Move waiting for tasks to separate phase to unblock process #1262

mnecas · 2024-12-12T13:02:09Z

Issue:
When the Forklift creates the snapshot we need to wait for the task to finish. Right now we are using task.WaitForResult, this causes the whole process to wait for the snapshot creation and blocks other VM migrations. Same problem we have with snapshot removal, if the ESXi host is busy and we start the snapshot removal the snapshots can take longer than the reconcile cycle (3s) and we can fail due to it.

Fix:
Instead of using the task.WaitForResult the forklift will start querying for the latest tasks per VM, by default it's 10 tasks. This querying will be done in a separate phase then the creation/deletion. So we will have WaitFor phases for each of the object manipulations. We find the specific task for the creation/deletion and check its status. This has the advantage that we are not only getting the status of the task but in addition also the results of the task, so we can propagate them to the user, in case the creation/deletion fails.

Ref:

Proper fix of: #1253

codecov-commenter · 2024-12-12T13:19:40Z

⚠️ Please install the to ensure uploads and comments are reliably processed by Codecov.

Codecov Report

Attention: Patch coverage is 0% with 78 lines in your changes missing coverage. Please review.

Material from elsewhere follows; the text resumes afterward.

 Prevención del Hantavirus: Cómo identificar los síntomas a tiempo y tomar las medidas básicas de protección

Project coverage is 15.50%. Comparing base (ea38999) to head (d26472a).

Files with missing lines	Patch %	Lines
pkg/controller/plan/adapter/vsphere/client.go	0.00%	57 Missing ⚠️
pkg/controller/plan/migration.go	0.00%	12 Missing ⚠️
pkg/controller/plan/adapter/openstack/client.go	0.00%	3 Missing ⚠️
pkg/controller/plan/adapter/ova/client.go	0.00%	3 Missing ⚠️
pkg/controller/plan/adapter/ovirt/client.go	0.00%	3 Missing ⚠️

❗ Your organization needs to install the Codecov GitHub app to enable full functionality.

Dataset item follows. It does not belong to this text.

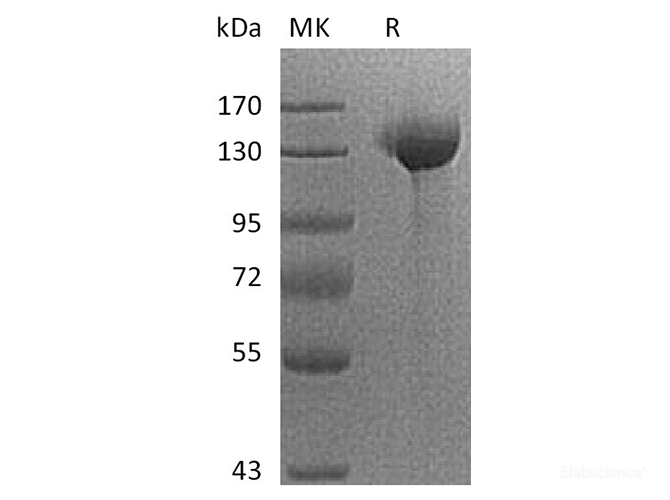 Recombinant Human SIGLEC2 / CD22 Protein (C-Fc)-Elabscience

Additional details and impacted files

@@            Coverage Diff             @@
##             main    #1262      +/-   ##
==========================================
- Coverage   15.57%   15.50%   -0.08%     
==========================================
  Files         112      112              
  Lines       23255    23300      +45     
==========================================
- Hits         3623     3612      -11     
- Misses      19345    19403      +58     
+ Partials      287      285       -2

Flag	Coverage Δ
unittests	`15.50% <0.00%> (-0.08%)`	⬇️

Flags with carried forward coverage won't be shown. Click here to find out more.

☔ View full report in Codecov by Sentry.
📢 Have feedback on the report? Share it here.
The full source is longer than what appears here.